En el siglo XVII, la Divina Providencia regaló a la humanidad y a la Iglesia un hombre que se significó por su amor misericordioso. Se llamaba Vicente de Paúl, nacido en el sur de Francia. Recuerdo estos dos momentos de su vida de evangelizador de los pobres. En enero de 1617, en Gannes, impartió el sacramento de la misericordia a un anciano atormentado por ocultar muchos pecados que no le permitían vivir en paz. Fue tal la dicha que sintió el anciano, que contó a la Señora de Gondi lo agradecido que estaba a Dios y al señor Vicente porque le habían liberado de un gran peso.

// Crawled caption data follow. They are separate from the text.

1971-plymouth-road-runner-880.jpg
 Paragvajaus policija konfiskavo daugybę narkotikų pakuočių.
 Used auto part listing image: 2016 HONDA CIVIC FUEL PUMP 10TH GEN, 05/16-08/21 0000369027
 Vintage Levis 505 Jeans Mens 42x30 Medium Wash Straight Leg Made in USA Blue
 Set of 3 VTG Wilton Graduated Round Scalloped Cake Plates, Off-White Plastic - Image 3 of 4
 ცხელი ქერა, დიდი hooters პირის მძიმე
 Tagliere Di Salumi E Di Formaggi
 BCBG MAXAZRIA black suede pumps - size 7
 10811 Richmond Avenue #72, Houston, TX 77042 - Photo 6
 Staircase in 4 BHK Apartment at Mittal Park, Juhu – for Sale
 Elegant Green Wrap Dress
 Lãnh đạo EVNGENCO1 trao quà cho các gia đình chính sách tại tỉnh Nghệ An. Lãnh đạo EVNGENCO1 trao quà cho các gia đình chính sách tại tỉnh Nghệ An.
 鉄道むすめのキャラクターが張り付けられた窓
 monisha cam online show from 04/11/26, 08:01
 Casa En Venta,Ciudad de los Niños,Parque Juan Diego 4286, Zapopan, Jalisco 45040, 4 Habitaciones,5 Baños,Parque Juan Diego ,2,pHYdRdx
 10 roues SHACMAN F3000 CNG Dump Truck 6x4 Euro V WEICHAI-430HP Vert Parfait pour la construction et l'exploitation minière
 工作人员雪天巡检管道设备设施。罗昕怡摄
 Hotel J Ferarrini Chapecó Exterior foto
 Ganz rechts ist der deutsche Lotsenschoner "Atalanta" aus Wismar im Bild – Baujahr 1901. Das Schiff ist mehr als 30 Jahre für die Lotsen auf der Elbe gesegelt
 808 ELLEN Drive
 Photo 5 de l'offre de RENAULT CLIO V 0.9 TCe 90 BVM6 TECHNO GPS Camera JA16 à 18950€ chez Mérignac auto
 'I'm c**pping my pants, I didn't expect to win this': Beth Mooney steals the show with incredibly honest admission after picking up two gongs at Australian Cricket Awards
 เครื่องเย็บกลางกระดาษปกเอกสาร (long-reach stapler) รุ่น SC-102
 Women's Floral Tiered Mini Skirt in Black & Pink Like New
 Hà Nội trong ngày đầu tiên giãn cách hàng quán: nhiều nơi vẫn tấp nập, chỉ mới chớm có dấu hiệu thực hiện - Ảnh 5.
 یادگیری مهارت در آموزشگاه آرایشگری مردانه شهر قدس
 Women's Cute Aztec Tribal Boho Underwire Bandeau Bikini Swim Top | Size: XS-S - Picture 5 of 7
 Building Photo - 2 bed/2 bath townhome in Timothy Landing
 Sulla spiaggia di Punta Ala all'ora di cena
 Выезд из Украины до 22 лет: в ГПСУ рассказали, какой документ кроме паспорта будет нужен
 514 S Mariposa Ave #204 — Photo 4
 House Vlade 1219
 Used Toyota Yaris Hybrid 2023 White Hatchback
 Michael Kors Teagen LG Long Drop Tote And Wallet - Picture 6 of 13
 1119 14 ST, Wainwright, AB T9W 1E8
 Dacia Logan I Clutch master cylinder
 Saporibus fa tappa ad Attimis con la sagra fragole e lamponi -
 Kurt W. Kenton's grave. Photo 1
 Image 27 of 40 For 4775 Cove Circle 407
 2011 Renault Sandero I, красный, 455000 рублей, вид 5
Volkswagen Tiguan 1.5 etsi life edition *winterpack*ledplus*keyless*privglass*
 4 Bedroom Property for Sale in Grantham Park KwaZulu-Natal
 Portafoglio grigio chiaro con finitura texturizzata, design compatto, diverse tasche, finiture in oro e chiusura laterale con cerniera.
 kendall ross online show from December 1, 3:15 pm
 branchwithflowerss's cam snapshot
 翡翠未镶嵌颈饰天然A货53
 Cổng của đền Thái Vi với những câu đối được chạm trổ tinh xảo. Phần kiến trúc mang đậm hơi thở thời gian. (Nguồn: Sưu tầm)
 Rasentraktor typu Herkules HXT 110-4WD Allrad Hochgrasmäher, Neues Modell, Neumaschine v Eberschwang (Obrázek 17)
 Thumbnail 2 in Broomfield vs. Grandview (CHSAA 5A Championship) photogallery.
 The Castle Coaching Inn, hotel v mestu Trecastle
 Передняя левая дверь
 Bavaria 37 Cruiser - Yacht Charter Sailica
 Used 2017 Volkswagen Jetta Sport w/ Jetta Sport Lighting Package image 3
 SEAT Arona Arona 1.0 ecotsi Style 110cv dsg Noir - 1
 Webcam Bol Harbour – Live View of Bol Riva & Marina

De este hecho y del sermón que predicó Vicente de Paúl el 25 de enero, conversión de san Pablo, en Folleville, nació la Congregación de la Misión para ser cauce de la misericordia divina entre los pobres. El otro momento queda fechado en 1630 y centrado en Picardía y Champaña. La guerra estaba dejando en Guisa y sus alrededores un aspecto desolador. L. Abelly lo describe así: … Y cuando se retiraron de los alrededores de Guisa, dejaron allí un grandísimo número de soldados muertos de hambre y atacados de diferentes enfermedades; los cuales, queriendo esforzarse en andar para buscar algún alivio, caían de debilidad a lo largo de los caminos y morían miserablemente privados de sacramentos y de todo consuelo humano. Esto mismo les ocurría a los habitantes de aquellos lugares. Enterado el Señor Vicente de la magnitud de la tragedia, envió dos misioneros con un caballo cargado de víveres y unas 500 libras de plata. Sin solución de continuidad, envió otros misioneros a otras zonas de esas dos provincias, con grave riesgo para sus vidas. Sólo Dios conoce la magnitud de esta obra de misericordia.
El Papa Francisco quiere que celebremos un Jubileo Extraordinario de la Misericordia, como tiempo propicio para la Iglesia, para que haga más fuerte y eficaz el testimonio de los creyentes. Es un regalo que nos anima a pensar en ese Padre que, desde el Paraíso hasta hoy, no ha dejado de ser misericordioso con todos y cada uno de los seres humanos. Os invito a que tengamos presentes estas palabras que cita el Papa en la Bula “El rostro de la misericordia”, y que pronunció San Juan XXIII en la apertura del Concilio Vaticano II: En nuestro tiempo, la Esposa de Cristo prefiere usar la medicina de la misericordia y no empuñar las armas de la severidad. La Iglesia católica, al elevar por medio de este Concilio Ecuménico la antorcha de la verdad católica, quiere mostrarse madre amable de todos, benigna, paciente, llena de misericordia y de bondad para los hijos separados de ella.
Que en el cruce de todos los caminos nos encontremos con el amor misericordioso de nuestro Dios Creador y Padre. Y que cada uno de nosotros seamos la mano alargada de ese Padre misericordioso con todos los marginados, excluidos y pobres.
Autor: Eblerino Díez Llamazares, C.M.
Fuente: Boletín Vicenciano, Congregación de la Misión, provincias de Madrid, Salamanca y Barcelona, nº 3, diciembre de 2015.